The GMAT is a computer adaptive test (CAT), which is more than just a digital version of a written exam. A CAT adapts to your performance as you’re taking the test. When you begin each category, the computer assumes you have an average score and gives you a question of medium difficulty. As you answer correctly, it generates more difficult questions. As you answer incorrectly, it serves up the easier variety.
The algorithm calculates your score as you go based not just on what you got right or wrong, but also on the difficulty level of the question. Because each answer directly affects the next question, the CAT does not allow you to go back to questions you’ve already answered. Once you’ve confirmed your answer, that’s it.
The GMAT format includes four sections that are scored separately. Quantitative and Verbal are scored between 200 and 800. The Integrated Reasoning section is scored on a scale of 1-8, and the Analytical Writing Assessment is hand-graded on a scale of 0-6 in .5 increments.

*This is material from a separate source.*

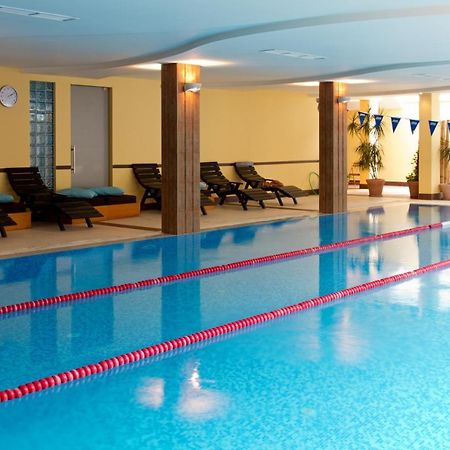 Aparthouse Borovo Sofia Eksteriør billede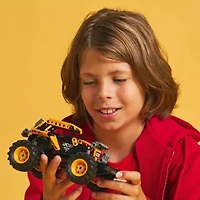 LEGO® Technic™ Digatron Building Blocks 218-pc.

The GMAT Quantitative section tests your knowledge of basic math like arithmetic, algebra, and geometry, as well as your analytical abilities. Hence, there’s a strong logic element in GMAT math. The Quantitative section lasts 62 minutes and consists of 31 questions of two types: Data Sufficiency and Problem Solving.

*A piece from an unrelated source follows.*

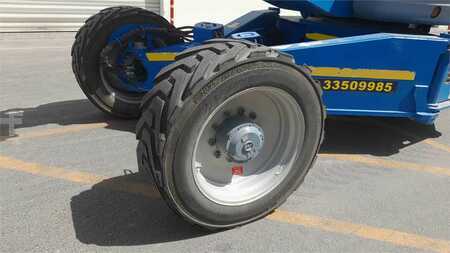 Piattaforme aeree articolate 2013  Genie Z135/70 (17)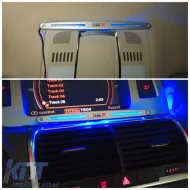 Decoration Led Light TR-2257 Blue Color 1pc-image-6302859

Data Sufficiency questions come with two statements of data, and it’s your job to determine whether the statements provide sufficient data to answer the question. This question type requires you to quickly identify pertinent information and efficiently eliminate answer choices.

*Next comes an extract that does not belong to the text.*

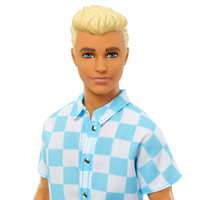 Mattel 3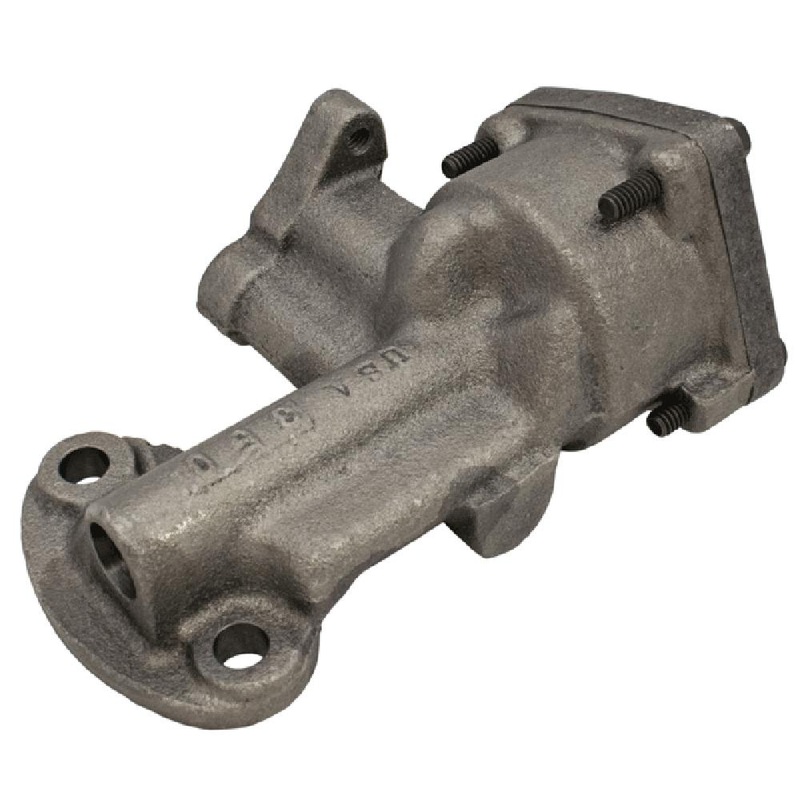 D1NL6600A Engine Oil Pump Fits Ford New Holland 501 601 701 801 901 ++ Trac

Problem Solving questions on the GMAT present you with five possible answer choices that test high school math skills. If you haven’t looked at high school math in awhile, you’ll want to brush up. The key here is to clearly understand the questions and avoid answer traps.
The GMAT Verbal section tests your command of standard written English, your skill in analyzing arguments, and your ability to read critically. The section lasts 65 minutes and consists of 36 questions of three types: Critical Reasoning, Sentence Correction, and Reading Comprehension.
Critical Reasoning asks you to break down a short argument into pieces and answer questions related to it. It examines your argument skills: how to make them, evaluate them, and formulate a plan of action. This section is notorious for tricky wording, so read carefully. It will test your ability to:
- Understand the argument’s structure
- Identify the conclusion
- Determine what evidence exists to support the conclusion
- Determine what assumptions are made to jump from evidence to conclusion
Sentence Correction questions present you with a sentence with a portion underlined, followed by five answer choices. Using your knowledge of standard written English, you then choose the option that fits best within the sentence. Keep in mind that the sentences often test more than one grammar point.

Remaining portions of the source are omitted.